SMIC and other Chinese pure-play foundries have recently seen dramatic decreases in fab utilization rates, according to sources at fab toolmakers.
With demand weakening and utilization rates falling, TSMC and other foundry houses, including China-based SMIC and Hua Hong, are slowing down their capacity expansions.
Chinese foundry houses face extra pressure, the sources said. Their utilization rates are nosediving, and worse still - government subsidies have dried up, the sources said, adding that they will have to wait until the government releases its next wave of subsidies.
The Chinese economy has yet to recover and consumer confidence remains low. There are many industry sectors that need the government to bail them out, but the government resources are limited, the sources said.
With government financial support stalling and utilization rates plummeting, the Chinese foundry houses have had no choice but suspend their capacity expansion plans, the sources said.
SMIC has been expanding capacity mostly in Beijing, Shenzhen and Shanghai. In 2022, it announced a plan to invest US$7.5 billion to build a 12-inch fab in Tianjin with monthly capacity of 100,000 wafers for manufacturing nodes from 0.18um to 28nm.
SMIC and other Chinese foundry houses highly depend on orders from local chip clients. But demand in the handset and consumer electronics markets remain in the doldrums, and demand from the automotive, networking and IoT market segments is also weakening, the sources said.
In Taiwan, TSMC has not lowered its capex budget but it is still slowing down the pace of expansion at home in order to prevent over-capacity. The sources said TSMC has delayed equipment and materials orders for the capacity expansion projects by six months to one year.

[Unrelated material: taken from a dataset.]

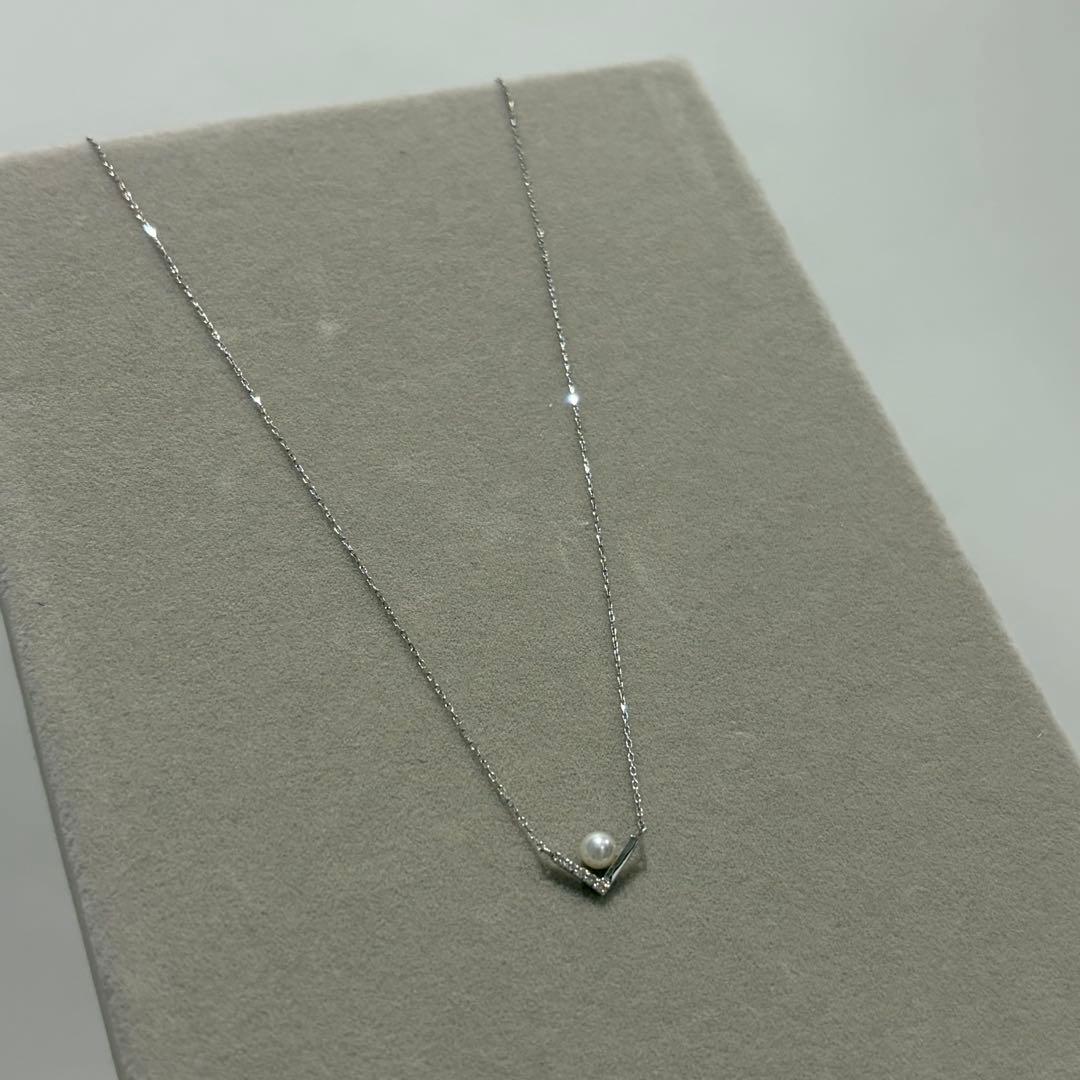 Law Pink Akoya pearl necklace with 0.03ct diamond set in platinum, featuring 3.5-4.0 mm pearls on a 41 cm chain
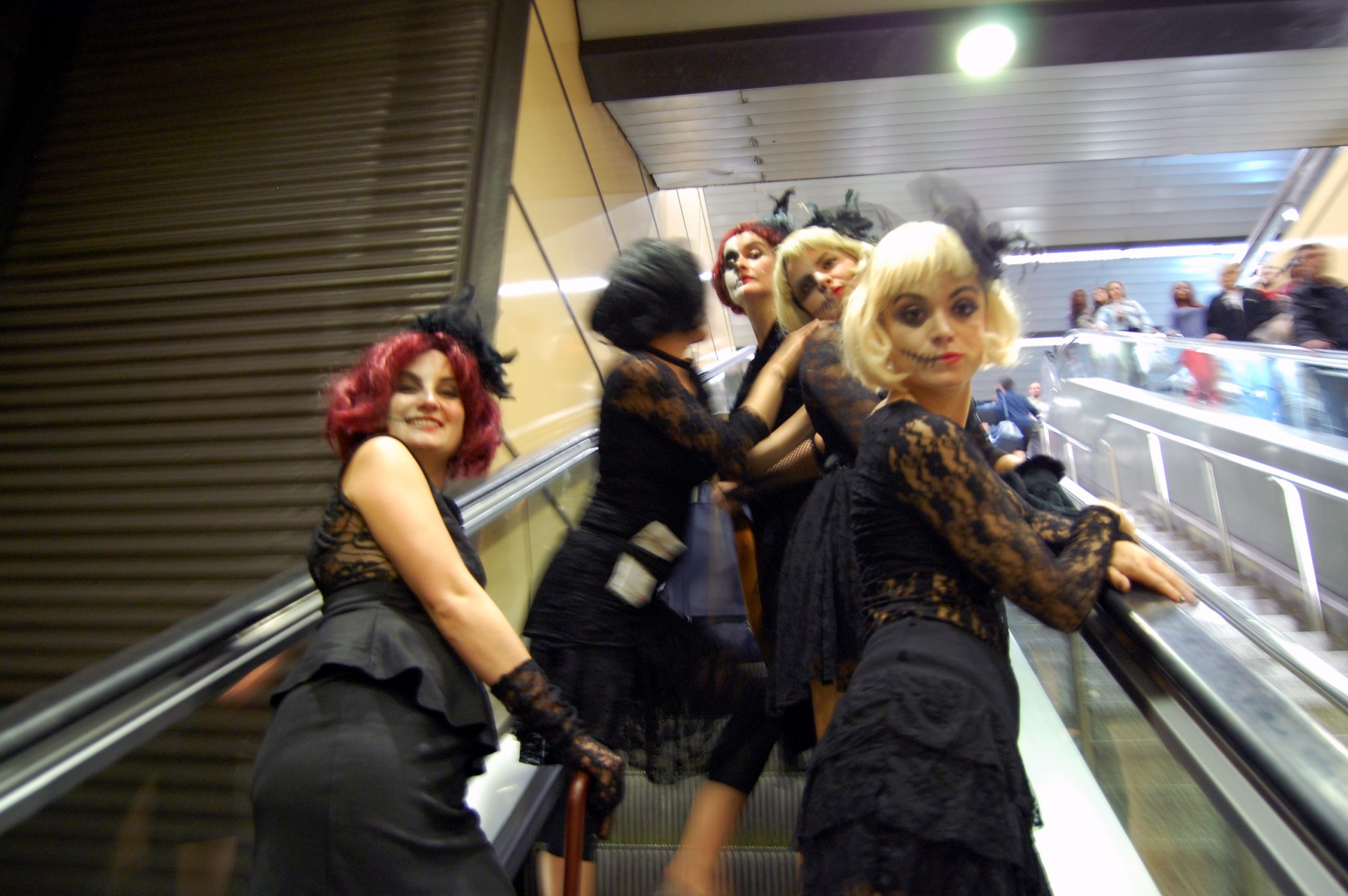 València.-Servicio de metro y tranvía hasta la tres de la madrugada para facilitar la movilidad en la noche de Halloween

Vanguard International Semiconductor (VIS), Powerchip Semiconductor Manufacturing (PSMC) and United Microelectronics (UMC) have also delayed or scaled down their expansion plans. UMC, whose utilization rates dropped to 70% in the first quarter of 2023, has said it has already implemented strict measures for cost control and will push back some spending plans.
VIS has set its 2023 capex budget at about NT$10 billion (US$325.2 million), down 50% from the 2022 spending. PSMC's first-quarter 2023 utilization rates decreased to 60%. PSMC sharply axed its capex in 2022. Although it has increased its capex budget for 2023, it has pushed back the schedules for volume production at its new fabs.